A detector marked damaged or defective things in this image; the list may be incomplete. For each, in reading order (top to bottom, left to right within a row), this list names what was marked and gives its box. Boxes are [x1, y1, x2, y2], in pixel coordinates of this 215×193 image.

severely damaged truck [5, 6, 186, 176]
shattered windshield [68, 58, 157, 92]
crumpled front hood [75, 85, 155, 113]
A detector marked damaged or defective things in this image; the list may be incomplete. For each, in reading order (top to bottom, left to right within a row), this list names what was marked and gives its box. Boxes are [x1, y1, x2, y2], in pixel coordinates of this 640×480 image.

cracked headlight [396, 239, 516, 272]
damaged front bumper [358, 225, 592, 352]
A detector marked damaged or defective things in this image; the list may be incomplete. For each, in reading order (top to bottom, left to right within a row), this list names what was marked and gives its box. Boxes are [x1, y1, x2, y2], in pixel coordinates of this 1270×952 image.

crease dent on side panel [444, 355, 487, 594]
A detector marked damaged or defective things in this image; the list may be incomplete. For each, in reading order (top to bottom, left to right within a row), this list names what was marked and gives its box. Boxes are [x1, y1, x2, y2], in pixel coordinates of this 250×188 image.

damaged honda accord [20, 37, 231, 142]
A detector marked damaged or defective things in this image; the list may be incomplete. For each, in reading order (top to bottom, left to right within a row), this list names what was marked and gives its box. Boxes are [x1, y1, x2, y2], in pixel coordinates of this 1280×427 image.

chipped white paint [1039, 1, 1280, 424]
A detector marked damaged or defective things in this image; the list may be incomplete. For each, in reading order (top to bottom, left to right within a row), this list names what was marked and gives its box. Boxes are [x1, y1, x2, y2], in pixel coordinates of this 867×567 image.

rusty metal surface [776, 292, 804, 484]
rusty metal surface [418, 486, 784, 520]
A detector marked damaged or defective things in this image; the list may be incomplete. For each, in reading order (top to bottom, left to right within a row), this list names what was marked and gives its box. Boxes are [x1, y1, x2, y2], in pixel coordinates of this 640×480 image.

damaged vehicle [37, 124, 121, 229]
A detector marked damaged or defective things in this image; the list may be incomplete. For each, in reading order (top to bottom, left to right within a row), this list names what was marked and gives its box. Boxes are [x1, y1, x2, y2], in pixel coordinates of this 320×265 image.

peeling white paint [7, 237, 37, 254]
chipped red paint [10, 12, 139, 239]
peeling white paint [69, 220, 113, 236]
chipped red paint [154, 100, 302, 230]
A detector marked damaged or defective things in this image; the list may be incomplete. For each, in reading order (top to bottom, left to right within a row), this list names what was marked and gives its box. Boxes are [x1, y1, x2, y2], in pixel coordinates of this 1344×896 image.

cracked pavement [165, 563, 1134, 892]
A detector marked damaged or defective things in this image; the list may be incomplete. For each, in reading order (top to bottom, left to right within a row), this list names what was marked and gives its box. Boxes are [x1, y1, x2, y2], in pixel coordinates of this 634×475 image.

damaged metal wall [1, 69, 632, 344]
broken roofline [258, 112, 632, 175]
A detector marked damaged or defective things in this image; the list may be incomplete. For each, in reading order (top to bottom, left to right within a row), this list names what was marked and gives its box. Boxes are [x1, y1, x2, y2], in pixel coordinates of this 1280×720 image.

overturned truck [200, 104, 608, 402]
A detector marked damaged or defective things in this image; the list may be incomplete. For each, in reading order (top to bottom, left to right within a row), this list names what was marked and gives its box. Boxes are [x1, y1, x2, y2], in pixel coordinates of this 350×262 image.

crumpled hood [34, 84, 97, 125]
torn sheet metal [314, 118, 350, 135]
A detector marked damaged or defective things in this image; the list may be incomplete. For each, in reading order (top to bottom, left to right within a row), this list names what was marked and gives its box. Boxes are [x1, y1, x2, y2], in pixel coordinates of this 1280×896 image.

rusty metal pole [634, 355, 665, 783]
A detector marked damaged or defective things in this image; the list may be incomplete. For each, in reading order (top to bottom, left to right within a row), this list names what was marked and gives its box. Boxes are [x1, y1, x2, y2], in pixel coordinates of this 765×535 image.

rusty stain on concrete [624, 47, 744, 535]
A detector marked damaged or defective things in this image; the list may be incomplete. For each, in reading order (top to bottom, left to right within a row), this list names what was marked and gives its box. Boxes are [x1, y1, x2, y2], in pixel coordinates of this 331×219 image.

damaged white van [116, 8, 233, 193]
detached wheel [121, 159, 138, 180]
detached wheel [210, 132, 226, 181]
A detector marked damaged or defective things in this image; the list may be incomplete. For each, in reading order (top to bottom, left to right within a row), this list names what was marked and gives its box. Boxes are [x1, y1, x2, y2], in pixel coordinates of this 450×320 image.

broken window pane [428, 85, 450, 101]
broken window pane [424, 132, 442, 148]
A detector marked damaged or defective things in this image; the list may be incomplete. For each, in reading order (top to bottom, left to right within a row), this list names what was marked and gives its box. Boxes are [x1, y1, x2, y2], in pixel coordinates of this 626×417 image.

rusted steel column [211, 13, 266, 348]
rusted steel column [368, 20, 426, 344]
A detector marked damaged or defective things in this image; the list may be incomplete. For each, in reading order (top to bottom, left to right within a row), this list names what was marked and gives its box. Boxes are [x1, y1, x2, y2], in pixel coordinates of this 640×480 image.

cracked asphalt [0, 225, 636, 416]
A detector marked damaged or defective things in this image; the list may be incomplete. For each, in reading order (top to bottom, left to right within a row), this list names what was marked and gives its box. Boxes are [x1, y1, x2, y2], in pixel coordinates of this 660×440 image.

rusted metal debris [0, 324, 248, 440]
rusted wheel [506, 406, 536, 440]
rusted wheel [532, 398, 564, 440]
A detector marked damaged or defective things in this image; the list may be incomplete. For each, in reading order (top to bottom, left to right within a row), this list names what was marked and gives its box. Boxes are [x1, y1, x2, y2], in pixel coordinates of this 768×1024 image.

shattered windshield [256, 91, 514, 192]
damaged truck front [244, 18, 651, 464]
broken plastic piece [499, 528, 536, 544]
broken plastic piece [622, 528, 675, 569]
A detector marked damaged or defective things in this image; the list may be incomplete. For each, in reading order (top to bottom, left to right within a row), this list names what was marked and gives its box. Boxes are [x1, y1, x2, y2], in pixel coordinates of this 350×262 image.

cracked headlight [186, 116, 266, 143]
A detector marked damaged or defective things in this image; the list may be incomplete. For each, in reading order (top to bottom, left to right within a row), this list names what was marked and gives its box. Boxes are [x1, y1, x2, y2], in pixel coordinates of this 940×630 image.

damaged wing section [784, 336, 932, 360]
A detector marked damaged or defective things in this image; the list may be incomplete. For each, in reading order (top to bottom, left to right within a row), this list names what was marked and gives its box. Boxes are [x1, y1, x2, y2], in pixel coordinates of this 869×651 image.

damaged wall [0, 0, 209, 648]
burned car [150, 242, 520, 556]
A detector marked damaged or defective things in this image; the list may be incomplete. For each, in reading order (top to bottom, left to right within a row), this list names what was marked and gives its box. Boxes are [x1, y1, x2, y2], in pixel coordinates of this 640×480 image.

━━━━━━━━

*EXERCISE PROMPT:* Output the complete data verbatim.

*RESULT OF THIS EXERCISE:*
A detector marked damaged or defective things in this image; the list may be incomplete. For each, in reading order (top to bottom, left to right within a row), this list names what was marked and gives its box. Boxes are [x1, y1, x2, y2], in pixel coordinates of this 215×193 image.

severely damaged truck [5, 6, 186, 176]
shattered windshield [68, 58, 157, 92]
crumpled front hood [75, 85, 155, 113]
A detector marked damaged or defective things in this image; the list may be incomplete. For each, in reading order (top to bottom, left to right within a row), this list names what was marked and gives its box. Boxes are [x1, y1, x2, y2], in pixel coordinates of this 640×480 image.

cracked headlight [396, 239, 516, 272]
damaged front bumper [358, 225, 592, 352]
A detector marked damaged or defective things in this image; the list may be incomplete. For each, in reading order (top to bottom, left to right within a row), this list names what was marked and gives its box. Boxes are [x1, y1, x2, y2], in pixel coordinates of this 1270×952 image.

crease dent on side panel [444, 355, 487, 594]
A detector marked damaged or defective things in this image; the list may be incomplete. For each, in reading order (top to bottom, left to right within a row), this list names what was marked and gives its box. Boxes are [x1, y1, x2, y2], in pixel coordinates of this 250×188 image.

damaged honda accord [20, 37, 231, 142]
A detector marked damaged or defective things in this image; the list may be incomplete. For each, in reading order (top to bottom, left to right within a row), this list names what was marked and gives its box. Boxes are [x1, y1, x2, y2], in pixel coordinates of this 1280×427 image.

chipped white paint [1039, 1, 1280, 424]
A detector marked damaged or defective things in this image; the list may be incomplete. For each, in reading order (top to bottom, left to right within a row), this list names what was marked and gives its box. Boxes are [x1, y1, x2, y2], in pixel coordinates of this 867×567 image.

rusty metal surface [776, 292, 804, 484]
rusty metal surface [418, 486, 784, 520]
A detector marked damaged or defective things in this image; the list may be incomplete. For each, in reading order (top to bottom, left to right within a row), this list names what was marked and gives its box. Boxes are [x1, y1, x2, y2], in pixel coordinates of this 640×480 image.

damaged vehicle [37, 124, 121, 229]
A detector marked damaged or defective things in this image; the list may be incomplete. For each, in reading order (top to bottom, left to right within a row), this list names what was marked and gives its box. Boxes are [x1, y1, x2, y2], in pixel coordinates of this 320×265 image.

peeling white paint [7, 237, 37, 254]
chipped red paint [10, 12, 139, 239]
peeling white paint [69, 220, 113, 236]
chipped red paint [154, 100, 302, 230]
A detector marked damaged or defective things in this image; the list may be incomplete. For each, in reading order (top to bottom, left to right within a row), this list names what was marked and gives its box. Boxes are [x1, y1, x2, y2], in pixel coordinates of this 1344×896 image.

cracked pavement [165, 563, 1134, 892]
A detector marked damaged or defective things in this image; the list may be incomplete. For each, in reading order (top to bottom, left to right within a row), this list names what was marked and gives its box. Boxes are [x1, y1, x2, y2], in pixel coordinates of this 634×475 image.

damaged metal wall [1, 69, 632, 344]
broken roofline [258, 112, 632, 175]
A detector marked damaged or defective things in this image; the list may be incomplete. For each, in reading order (top to bottom, left to right within a row), this list names what was marked and gives its box. Boxes are [x1, y1, x2, y2], in pixel coordinates of this 1280×720 image.

overturned truck [200, 104, 608, 402]
A detector marked damaged or defective things in this image; the list may be incomplete. For each, in reading order (top to bottom, left to right within a row), this list names what was marked and gives its box. Boxes are [x1, y1, x2, y2], in pixel coordinates of this 350×262 image.

crumpled hood [34, 84, 97, 125]
torn sheet metal [314, 118, 350, 135]
A detector marked damaged or defective things in this image; the list may be incomplete. For each, in reading order (top to bottom, left to right within a row), this list names what was marked and gives its box. Boxes are [x1, y1, x2, y2], in pixel coordinates of this 1280×896 image.

rusty metal pole [634, 355, 665, 783]
A detector marked damaged or defective things in this image; the list may be incomplete. For each, in reading order (top to bottom, left to right within a row), this list names what was marked and gives its box. Boxes are [x1, y1, x2, y2], in pixel coordinates of this 765×535 image.

rusty stain on concrete [624, 47, 744, 535]
A detector marked damaged or defective things in this image; the list may be incomplete. For each, in reading order (top to bottom, left to right within a row), this list names what was marked and gives its box. Boxes are [x1, y1, x2, y2], in pixel coordinates of this 331×219 image.

damaged white van [116, 8, 233, 193]
detached wheel [121, 159, 138, 180]
detached wheel [210, 132, 226, 181]
A detector marked damaged or defective things in this image; the list may be incomplete. For each, in reading order (top to bottom, left to right within a row), this list names what was marked and gives its box. Boxes are [x1, y1, x2, y2], in pixel coordinates of this 450×320 image.

broken window pane [428, 85, 450, 101]
broken window pane [424, 132, 442, 148]
A detector marked damaged or defective things in this image; the list may be incomplete. For each, in reading order (top to bottom, left to right within a row), this list names what was marked and gives its box. Boxes are [x1, y1, x2, y2], in pixel coordinates of this 626×417 image.

rusted steel column [211, 13, 266, 348]
rusted steel column [368, 20, 426, 344]
A detector marked damaged or defective things in this image; the list may be incomplete. For each, in reading order (top to bottom, left to right within a row), this list names what was marked and gives its box. Boxes are [x1, y1, x2, y2], in pixel coordinates of this 640×480 image.

cracked asphalt [0, 225, 636, 416]
A detector marked damaged or defective things in this image; the list may be incomplete. For each, in reading order (top to bottom, left to right within a row), this list names what was marked and gives its box. Boxes are [x1, y1, x2, y2], in pixel coordinates of this 660×440 image.

rusted metal debris [0, 324, 248, 440]
rusted wheel [506, 406, 536, 440]
rusted wheel [532, 398, 564, 440]
A detector marked damaged or defective things in this image; the list may be incomplete. For each, in reading order (top to bottom, left to right within a row), this list names what was marked and gives its box. Boxes are [x1, y1, x2, y2], in pixel coordinates of this 768×1024 image.

shattered windshield [256, 91, 514, 192]
damaged truck front [244, 18, 651, 464]
broken plastic piece [499, 528, 536, 544]
broken plastic piece [622, 528, 675, 569]
A detector marked damaged or defective things in this image; the list may be incomplete. For each, in reading order (top to bottom, left to right within a row), this list names what was marked and gives its box. Boxes are [x1, y1, x2, y2], in pixel coordinates of this 350×262 image.

cracked headlight [186, 116, 266, 143]
A detector marked damaged or defective things in this image; the list may be incomplete. For each, in reading order (top to bottom, left to right within a row), this list names what was marked and gives its box. Boxes are [x1, y1, x2, y2], in pixel coordinates of this 940×630 image.

damaged wing section [784, 336, 932, 360]
A detector marked damaged or defective things in this image; the list may be incomplete. For each, in reading order (top to bottom, left to right within a row), this list names what was marked and gives its box. Boxes are [x1, y1, x2, y2], in pixel coordinates of this 869×651 image.

damaged wall [0, 0, 209, 648]
burned car [150, 242, 520, 556]
A detector marked damaged or defective things in this image; the list may be incomplete. For each, in reading order (top to bottom, left to right within a row), this list names what was marked and gives its box. Boxes are [x1, y1, x2, y2], in pixel coordinates of this 640×480 image.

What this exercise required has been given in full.